Halloween II (2009)
Reviewed by Andrew Kasch
Starring Scout Taylor Compton, Tyler Mane, Malcolm McDowell, Danielle Harris
Directed by Rob Zombie
“Fuck! Fuck! Fuck! Fuck! Fuck! Fuck!”
That’s an average line spoken in Halloween II, sometimes – and I’m not kidding – for minutes at a time. From the overuse of profanity, trailer trash stereotypes, gratuitous use of cameos and angelic images of Sheri Moon, it's as though Rob Zombie listened to every complaint about his remake and amped it up for this badly self-indulgent sequel. Is it out of spite for his critics, or is it because the man just can’t do anything else? Regardless, Halloween II is every bit as pointless a sequel to the first as that film was a pointless remake of the John Carpenter classic.
It’s pretty clear in the first twenty minutes that Zombie has already run out of story ideas and is simply stringing his characters along just for the sake of making a sequel. Things start off okay enough with a near-catatonic Laurie Strode rushed to Haddonfield Hospital in the bloody aftermath of Michael Myers’ rampage. Unfortunately the coroners didn’t think to remove the “dead” Myers’ mask and check for a pulse, and he quickly rises to go after his kid sister. There’s an abridged version of the original Halloween II hospital rampage as Myers stalks Laurie that’s well shot and ratchets up some decent tension. But it’s all for naught because Zombie decides to make the first act an elaborate dream sequence. So much for stakes.
We catch up with Laurie a year later. She’s traumatized, morphed into a grunge chick and Margot Kidder is her therapist (so you know she’s really fucked). She lives in the secluded backwoods with surviving pal Annie (Danielle Harris) and even has slutty replacement friends to fill out the body count portion. But Michael Myers, now dressed head-to-toe in homeless rags and sporting a ZZ Top beard, has spent the past year living in the wild somewhere far away and decides it's time to go after his sister once again. Tis the season…
The maskless Hobo Myers spends about half the film walking through barren fields like we’re watching some Werner Herzog nature documentary. He randomly kills any cameo actor who crosses his path and dons a tattered version of The Shape mask whenever he gets really pissed. In the second half Myers finally shows back up in town and begins systematically knocking off Laurie’s friends all over again. How does he know where she’s hiding? And why does he continue to stealthily bump off everyone around her when he can just go straight for the prize kill? I have no idea.

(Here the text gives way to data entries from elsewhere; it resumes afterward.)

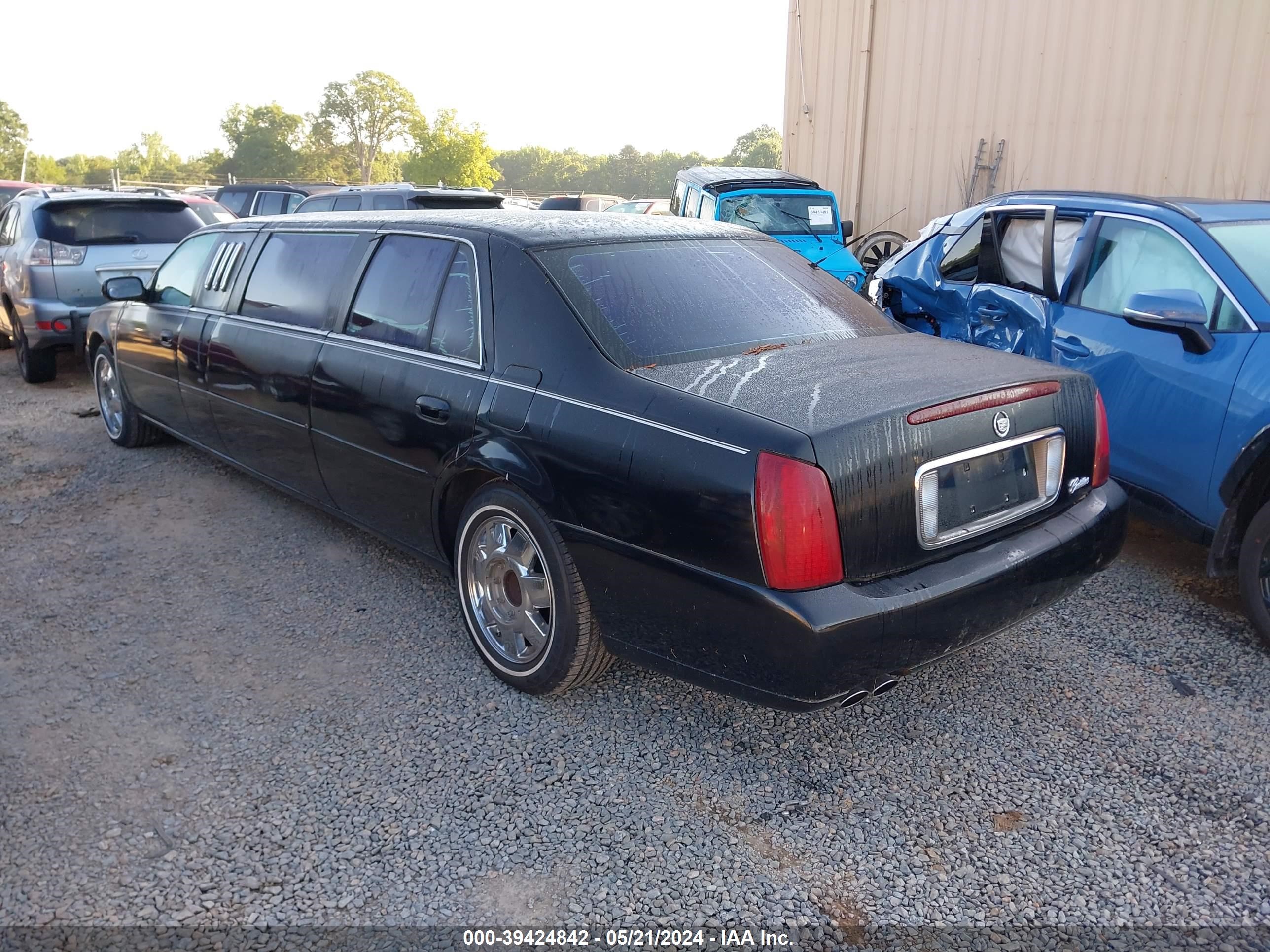 Photo 2 VIN: 1GEEH90Y02U550083 - CADILLAC DE VILLE 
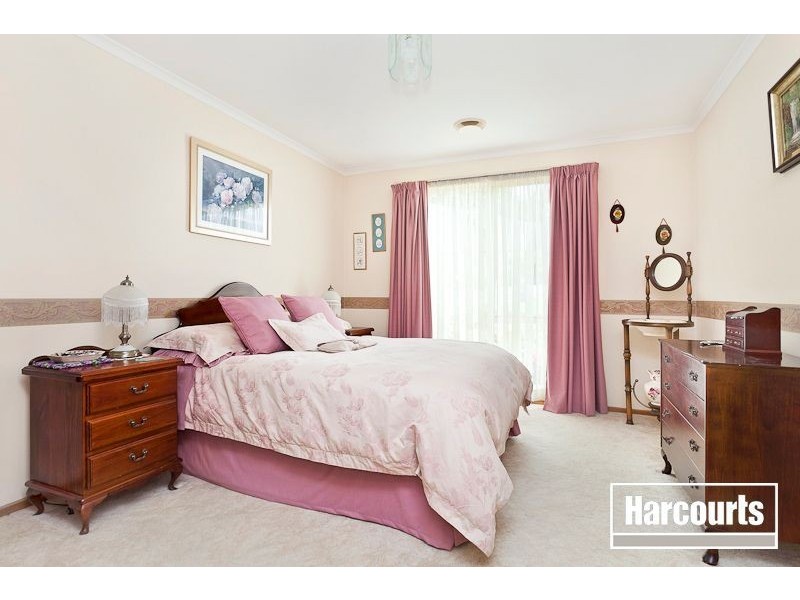 14 Eric Court, Langwarrin VIC 3910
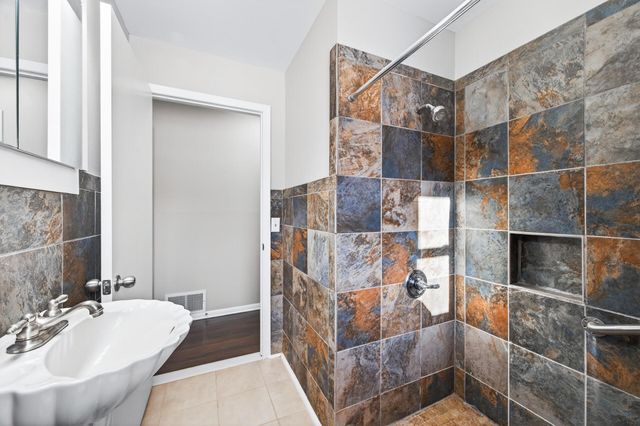 1790 Oakcrest Avenue, Roseville, MN 55113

Meanwhile, Dr, Loomis (a returning Malcolm McDowell) has reached celebrity status with his latest tell-all Myers book and has turned into a cartoonish ego-maniac who hurls insults at journalists and throws diva tantrums (“I’m the NEW Loomis!” he screams when he sees an old photo of himself dressed in Donald Pleasence’s signature trenchcoat). The return of Loomis really serves no purpose other than to vocalize Zombie’s anger towards fans and critics, but McDowell is clearly having fun with the character, and his scenery chewing is the only thing that breaks up the boredom of the Laurie/Michael storyline.

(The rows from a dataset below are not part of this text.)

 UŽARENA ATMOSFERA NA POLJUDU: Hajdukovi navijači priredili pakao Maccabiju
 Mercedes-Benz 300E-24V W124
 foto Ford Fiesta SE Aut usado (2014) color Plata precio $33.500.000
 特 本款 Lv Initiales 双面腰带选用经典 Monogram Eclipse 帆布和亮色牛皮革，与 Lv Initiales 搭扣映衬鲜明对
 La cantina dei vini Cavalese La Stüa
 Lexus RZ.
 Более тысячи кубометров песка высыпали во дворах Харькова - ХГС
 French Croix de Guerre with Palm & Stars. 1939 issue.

It's no surprise the most embarrassing moments belong to Sheri Moon Zombie, who appears alongside a giant white horse (!) in several bad David Lynch-wannabe dream sequences. For reasons unknown both Michael and Laurie are having the same dreams and even witness visions of Young Michael, horrendously played by a new kid actor (Zombie would’ve been better off re-casting an older Daeg Faerch). These rapid-fire music video sequences are so mind-scathingly awful, they border on unintentional hilarity. Everything else in this film is a bloody bore of ancient slasher cliches. Every kill is painfully telegraphed and executed in Zombie’s typical shaky-cam fashion.
The high point of Halloween II is Brad Dourif, who is the only cast member delivering something beyond a two-dimensional performance. He gives a genuinely likable, sympathetic portrayal of Sherriff Brackett, and every time he’s on screen, you can’t help but dream of a better film where a gun-toting Dourif leads a Michael Myers manhunt without the rest of these annoying hick characters.
Of all the films in the Michael Myers franchise, this Halloween II may be the most plodding and thin entry to date. It should also be noted that the classic Halloween theme doesn’t appear once in this film except during the end credits where it is paired with a reprisal of “Love Hurts”. Thanks, Rob.